Вызывает он меня во время такого приступа и, еле шевеля губами, говорит: «Товарищ Кочетов, надо улучшить качество телевизоров». Я вначале не понял: «Качество ремонта, что ли?» — «Я вам русским языком сказал, — встает он из-за стола, еще больше нахмурив брови, — качество телевизоров». — «Да как, да это же дело заводов, конструкторских бюро, — объясняю я. — Мы ремонтируем, а не производим телевизоры». — «Товарищ Кочетов, наши отношения должны строиться на деловой, строго принципиальной основе. Мы уже давно не школьники. Я не потерплю фамильярности, запомните». Вот так. И протекает этот процесс около месяца, если никто не помешает.
А потом опять секретаршу называет Машенькой, жену — Настей, с каждым из нас советуется, совещания проводит на демократической основе.
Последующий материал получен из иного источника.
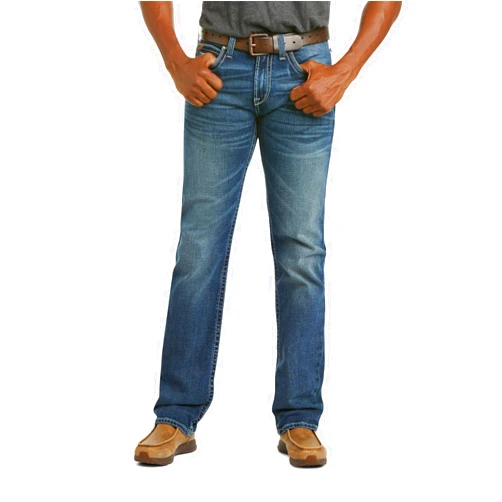 Ariat Men's M7 Rocker Stretch Coltrane Stackable Straight Leg Jean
А однажды, когда он находился в здоровом, нормальном состоянии, подходит ко мне и с обидой в голосе говорит: «Что же ты, Ваня, зазнался? И к чему твое обращение ко мне — «товарищ Старков?» Мы же друзья детства. Не заходишь к нам. Настя обижается. Неужели разность служебного положения должна влиять на наши отношения? Не обижай меня». Такой поворот.
— Чем же объяснить все это? — вздохнул Гребенкин.
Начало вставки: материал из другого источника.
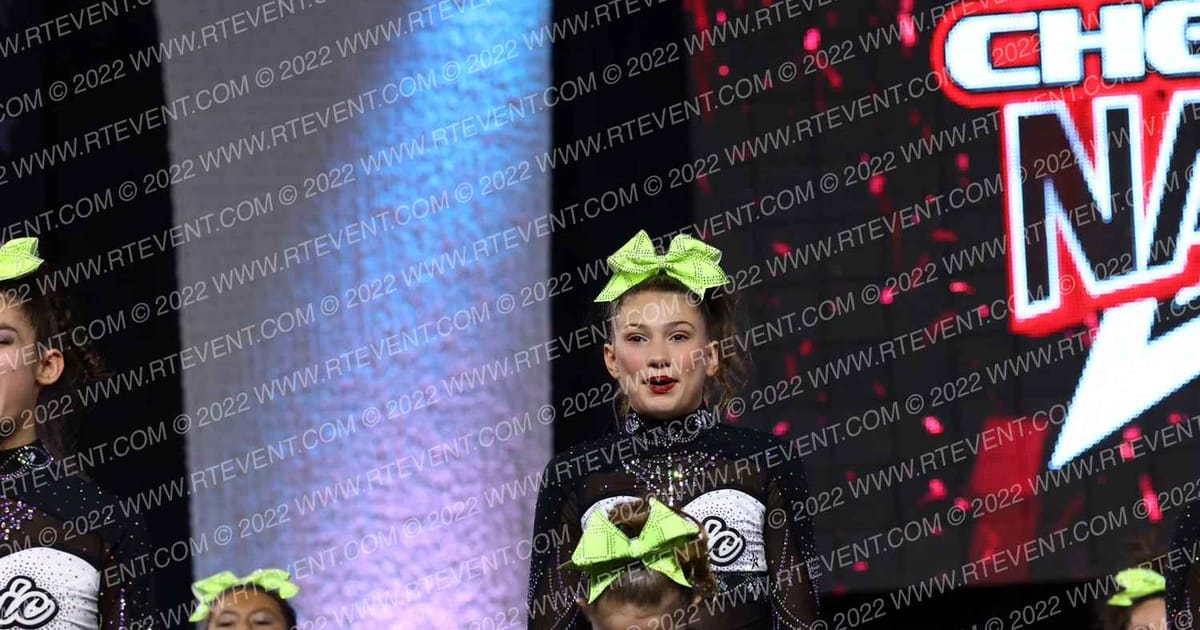 Iconic All Stars Miss Fame · Cheer SUPER Nationals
— Долго мы ломали голову и пришли к выводу: у Степана ярко выраженная аллергия на похвалу, она выбивает его из колеи. Ведь стоит верхам даже не покритиковать Степана, а просто не отметить или не заметить его, как он сразу выздоравливает и переходит на нормальный ритм работы...
— А ты случайно не шутишь? — задумчиво спросил Гребенкин.
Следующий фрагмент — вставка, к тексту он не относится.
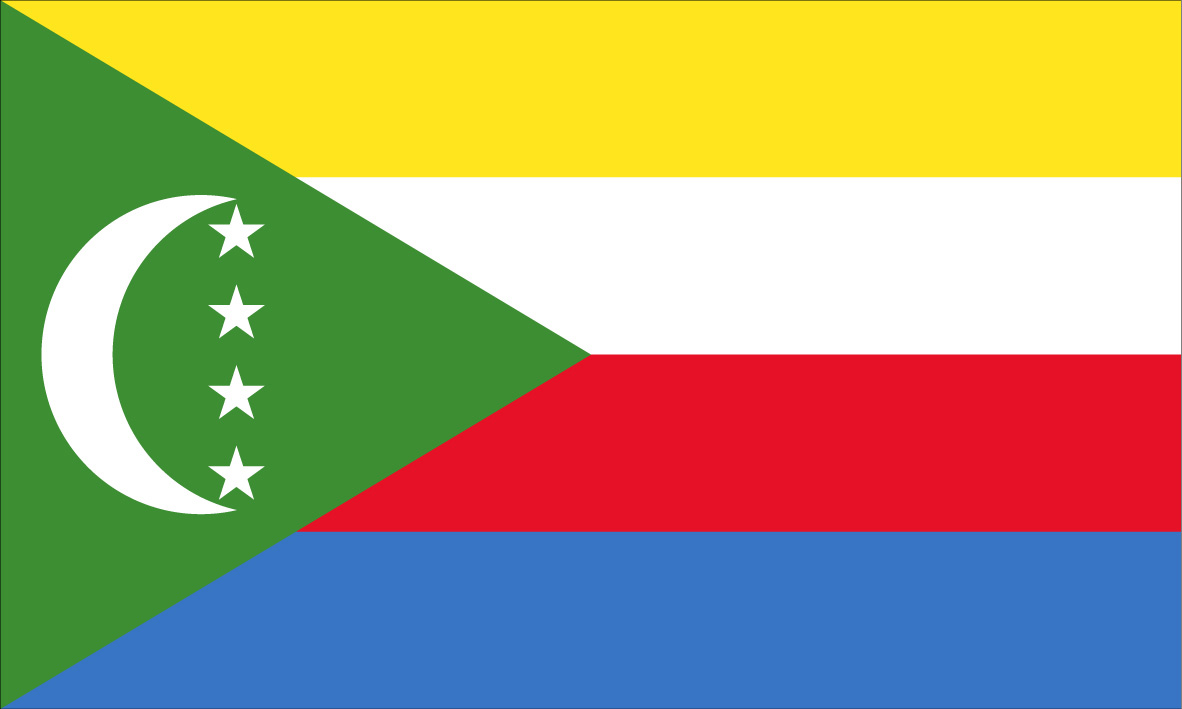 Bandeira Comores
— Какие могут быть шутки, если беда у человека...
— А сейчас он как?
— Здоров, в нормальном ритме.
Прошло полгода. В областной газете была опубликована статья, которая с похвалой отзывалась о новореченском комбинате. Не обойден был и директор Старков.
После появления этой заметки Гребенкин звонит из города Кочеткову:
— Как ведет себя Степан?
— По системе строгой субординации.
— Ясно.
Чуть позднее, в тот же день, в кабинете Старкова раздался звонок междугороднего телефона:
— Читал, читал. Здорово о тебе, — приветствовал Гребенкин.
— Так у меня, Григорий, своя система управления комбинатом, — торопился поделиться успехами Старков. — Особая...
— Да, но я тут слышал, будто начальство не совсем согласно и не очень довольно, — перебил возбужденного Старкова Гребенкин. — Как бы... Это ведь такое дело... раз, два, и фортуна в другую сторону. Я точно не знаю, я только слышал краем уха, но...
Через день Гребенкин звонит Кочетову:
— Как там Степан? Свирепствует?
— Здоров, в нормальном ритме. Секретаршу зовет Машенькой, жену — Настей. Советуется. Быстро на этот раз прошла у него аллергия.